**** Material for the task
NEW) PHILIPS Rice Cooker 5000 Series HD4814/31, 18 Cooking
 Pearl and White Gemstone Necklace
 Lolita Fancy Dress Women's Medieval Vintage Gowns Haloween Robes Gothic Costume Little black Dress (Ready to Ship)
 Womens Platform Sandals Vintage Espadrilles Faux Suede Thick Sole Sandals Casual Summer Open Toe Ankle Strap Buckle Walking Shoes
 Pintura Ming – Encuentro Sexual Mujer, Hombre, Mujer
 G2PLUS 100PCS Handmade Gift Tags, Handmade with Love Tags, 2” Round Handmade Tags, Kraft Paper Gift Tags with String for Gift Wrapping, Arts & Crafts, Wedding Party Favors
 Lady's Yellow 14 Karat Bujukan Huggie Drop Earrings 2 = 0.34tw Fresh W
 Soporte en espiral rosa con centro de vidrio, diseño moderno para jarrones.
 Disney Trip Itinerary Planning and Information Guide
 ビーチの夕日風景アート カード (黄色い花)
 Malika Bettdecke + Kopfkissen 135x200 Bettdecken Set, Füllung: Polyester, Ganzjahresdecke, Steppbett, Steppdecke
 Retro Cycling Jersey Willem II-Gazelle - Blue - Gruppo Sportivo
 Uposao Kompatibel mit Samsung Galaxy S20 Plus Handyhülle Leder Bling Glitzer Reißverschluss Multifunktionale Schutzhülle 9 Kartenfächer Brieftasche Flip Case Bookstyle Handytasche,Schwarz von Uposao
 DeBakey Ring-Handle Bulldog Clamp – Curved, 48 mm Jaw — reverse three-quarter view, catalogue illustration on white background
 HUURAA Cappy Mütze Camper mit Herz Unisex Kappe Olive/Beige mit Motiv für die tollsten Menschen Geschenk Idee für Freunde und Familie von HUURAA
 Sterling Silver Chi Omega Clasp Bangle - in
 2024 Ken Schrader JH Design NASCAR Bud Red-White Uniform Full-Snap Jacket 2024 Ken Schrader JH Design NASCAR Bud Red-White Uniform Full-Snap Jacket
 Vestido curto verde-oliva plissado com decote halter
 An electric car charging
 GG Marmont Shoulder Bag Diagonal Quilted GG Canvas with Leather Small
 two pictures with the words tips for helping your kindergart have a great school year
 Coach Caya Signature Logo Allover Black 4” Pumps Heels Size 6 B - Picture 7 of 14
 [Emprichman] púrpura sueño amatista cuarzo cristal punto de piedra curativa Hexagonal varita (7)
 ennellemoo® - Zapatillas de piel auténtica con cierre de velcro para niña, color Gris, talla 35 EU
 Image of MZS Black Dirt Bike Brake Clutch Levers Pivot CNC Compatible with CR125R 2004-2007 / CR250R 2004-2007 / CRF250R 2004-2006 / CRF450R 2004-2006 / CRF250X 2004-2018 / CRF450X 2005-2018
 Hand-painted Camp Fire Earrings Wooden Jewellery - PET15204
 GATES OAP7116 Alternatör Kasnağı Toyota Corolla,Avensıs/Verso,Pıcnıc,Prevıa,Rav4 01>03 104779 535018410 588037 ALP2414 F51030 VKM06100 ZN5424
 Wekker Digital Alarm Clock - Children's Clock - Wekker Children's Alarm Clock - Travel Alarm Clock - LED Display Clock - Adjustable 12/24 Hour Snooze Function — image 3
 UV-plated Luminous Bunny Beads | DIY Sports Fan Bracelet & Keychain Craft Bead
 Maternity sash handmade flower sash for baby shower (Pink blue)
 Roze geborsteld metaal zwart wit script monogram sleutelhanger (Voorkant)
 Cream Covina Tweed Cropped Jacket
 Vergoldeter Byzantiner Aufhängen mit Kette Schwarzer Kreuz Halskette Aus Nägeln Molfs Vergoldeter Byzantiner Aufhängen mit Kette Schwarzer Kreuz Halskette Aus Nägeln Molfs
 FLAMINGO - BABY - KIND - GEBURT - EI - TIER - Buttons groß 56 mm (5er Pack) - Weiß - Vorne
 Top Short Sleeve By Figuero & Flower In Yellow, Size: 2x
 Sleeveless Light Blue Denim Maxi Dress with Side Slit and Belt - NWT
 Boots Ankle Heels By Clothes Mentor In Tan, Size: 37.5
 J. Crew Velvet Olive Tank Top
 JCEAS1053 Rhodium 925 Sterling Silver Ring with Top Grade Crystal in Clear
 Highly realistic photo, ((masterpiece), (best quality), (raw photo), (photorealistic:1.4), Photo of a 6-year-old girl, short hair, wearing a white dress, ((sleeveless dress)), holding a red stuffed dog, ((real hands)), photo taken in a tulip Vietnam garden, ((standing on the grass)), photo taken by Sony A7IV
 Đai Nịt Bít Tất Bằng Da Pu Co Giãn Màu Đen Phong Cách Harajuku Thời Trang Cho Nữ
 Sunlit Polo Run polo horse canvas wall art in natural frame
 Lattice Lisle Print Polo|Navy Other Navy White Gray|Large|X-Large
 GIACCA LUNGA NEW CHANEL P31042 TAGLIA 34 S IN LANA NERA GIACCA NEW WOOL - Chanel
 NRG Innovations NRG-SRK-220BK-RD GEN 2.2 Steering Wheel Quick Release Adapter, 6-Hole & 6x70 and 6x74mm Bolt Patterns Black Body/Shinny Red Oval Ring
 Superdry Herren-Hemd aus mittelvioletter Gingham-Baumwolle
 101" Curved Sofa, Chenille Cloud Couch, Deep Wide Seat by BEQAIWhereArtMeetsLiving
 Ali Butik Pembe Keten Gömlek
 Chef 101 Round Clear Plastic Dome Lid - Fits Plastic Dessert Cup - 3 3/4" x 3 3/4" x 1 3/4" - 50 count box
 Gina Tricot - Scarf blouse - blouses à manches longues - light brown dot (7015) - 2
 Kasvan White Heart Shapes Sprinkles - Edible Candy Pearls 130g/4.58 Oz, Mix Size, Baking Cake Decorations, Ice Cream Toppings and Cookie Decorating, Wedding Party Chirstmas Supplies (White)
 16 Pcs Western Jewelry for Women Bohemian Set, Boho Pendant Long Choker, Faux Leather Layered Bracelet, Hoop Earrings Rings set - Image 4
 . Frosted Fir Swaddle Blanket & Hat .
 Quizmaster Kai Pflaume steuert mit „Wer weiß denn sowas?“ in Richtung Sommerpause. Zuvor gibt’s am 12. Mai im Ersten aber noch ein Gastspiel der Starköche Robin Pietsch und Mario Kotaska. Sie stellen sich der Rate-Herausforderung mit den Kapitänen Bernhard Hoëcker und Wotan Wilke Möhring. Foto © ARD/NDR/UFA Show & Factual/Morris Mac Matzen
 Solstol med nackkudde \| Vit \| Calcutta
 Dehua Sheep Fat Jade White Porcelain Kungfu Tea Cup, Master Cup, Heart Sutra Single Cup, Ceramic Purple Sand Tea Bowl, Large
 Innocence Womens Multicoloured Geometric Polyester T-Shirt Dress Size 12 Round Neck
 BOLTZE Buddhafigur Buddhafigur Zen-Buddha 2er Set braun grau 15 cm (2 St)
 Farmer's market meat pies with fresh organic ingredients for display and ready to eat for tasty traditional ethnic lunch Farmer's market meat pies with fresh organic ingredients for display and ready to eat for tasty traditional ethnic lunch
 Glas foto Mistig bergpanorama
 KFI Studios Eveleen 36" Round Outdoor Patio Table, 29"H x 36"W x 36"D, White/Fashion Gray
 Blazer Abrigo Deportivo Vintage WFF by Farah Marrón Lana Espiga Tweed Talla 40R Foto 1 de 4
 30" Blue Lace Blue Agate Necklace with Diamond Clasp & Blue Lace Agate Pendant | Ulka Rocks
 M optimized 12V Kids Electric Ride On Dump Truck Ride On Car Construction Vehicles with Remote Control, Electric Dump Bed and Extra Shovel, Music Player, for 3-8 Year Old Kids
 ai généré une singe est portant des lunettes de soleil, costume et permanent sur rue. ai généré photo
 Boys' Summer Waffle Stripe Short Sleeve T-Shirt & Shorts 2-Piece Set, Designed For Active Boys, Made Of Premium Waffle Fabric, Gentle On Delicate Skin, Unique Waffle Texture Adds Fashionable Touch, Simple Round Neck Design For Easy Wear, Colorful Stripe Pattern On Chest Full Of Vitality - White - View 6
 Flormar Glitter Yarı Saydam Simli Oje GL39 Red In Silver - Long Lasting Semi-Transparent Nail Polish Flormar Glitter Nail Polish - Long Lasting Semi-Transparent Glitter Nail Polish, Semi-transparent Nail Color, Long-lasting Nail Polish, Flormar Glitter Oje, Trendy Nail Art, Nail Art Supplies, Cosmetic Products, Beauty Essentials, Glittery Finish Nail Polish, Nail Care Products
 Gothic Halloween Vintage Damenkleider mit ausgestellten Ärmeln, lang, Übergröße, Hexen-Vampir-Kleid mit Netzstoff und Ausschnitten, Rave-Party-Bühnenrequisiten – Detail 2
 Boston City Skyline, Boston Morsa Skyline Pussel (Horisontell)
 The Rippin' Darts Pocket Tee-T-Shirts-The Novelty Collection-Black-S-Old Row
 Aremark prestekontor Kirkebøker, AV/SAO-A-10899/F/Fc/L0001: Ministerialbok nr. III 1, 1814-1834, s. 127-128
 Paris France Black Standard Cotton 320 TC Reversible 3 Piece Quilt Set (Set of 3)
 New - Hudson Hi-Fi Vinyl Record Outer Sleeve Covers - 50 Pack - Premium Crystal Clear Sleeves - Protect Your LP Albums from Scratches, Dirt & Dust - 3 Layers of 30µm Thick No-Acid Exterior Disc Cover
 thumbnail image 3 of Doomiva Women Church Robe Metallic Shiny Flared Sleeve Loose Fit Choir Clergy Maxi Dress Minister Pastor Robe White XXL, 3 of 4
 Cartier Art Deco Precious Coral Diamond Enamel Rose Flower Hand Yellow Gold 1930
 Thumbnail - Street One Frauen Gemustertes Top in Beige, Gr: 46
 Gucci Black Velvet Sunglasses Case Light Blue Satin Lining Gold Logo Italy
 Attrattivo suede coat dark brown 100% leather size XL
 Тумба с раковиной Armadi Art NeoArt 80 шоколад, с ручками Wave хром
********
## [What is being asked]
Please transcribe word for word the lines from the line with "Gothic Halloween Vintage" to the end of the material, both ends included.

## [Answer area]
 Gothic Halloween Vintage Damenkleider mit ausgestellten Ärmeln, lang, Übergröße, Hexen-Vampir-Kleid mit Netzstoff und Ausschnitten, Rave-Party-Bühnenrequisiten – Detail 2
 Boston City Skyline, Boston Morsa Skyline Pussel (Horisontell)
 The Rippin' Darts Pocket Tee-T-Shirts-The Novelty Collection-Black-S-Old Row
 Aremark prestekontor Kirkebøker, AV/SAO-A-10899/F/Fc/L0001: Ministerialbok nr. III 1, 1814-1834, s. 127-128
 Paris France Black Standard Cotton 320 TC Reversible 3 Piece Quilt Set (Set of 3)
 New - Hudson Hi-Fi Vinyl Record Outer Sleeve Covers - 50 Pack - Premium Crystal Clear Sleeves - Protect Your LP Albums from Scratches, Dirt & Dust - 3 Layers of 30µm Thick No-Acid Exterior Disc Cover
 thumbnail image 3 of Doomiva Women Church Robe Metallic Shiny Flared Sleeve Loose Fit Choir Clergy Maxi Dress Minister Pastor Robe White XXL, 3 of 4
 Cartier Art Deco Precious Coral Diamond Enamel Rose Flower Hand Yellow Gold 1930
 Thumbnail - Street One Frauen Gemustertes Top in Beige, Gr: 46
 Gucci Black Velvet Sunglasses Case Light Blue Satin Lining Gold Logo Italy
 Attrattivo suede coat dark brown 100% leather size XL
 Тумба с раковиной Armadi Art NeoArt 80 шоколад, с ручками Wave хром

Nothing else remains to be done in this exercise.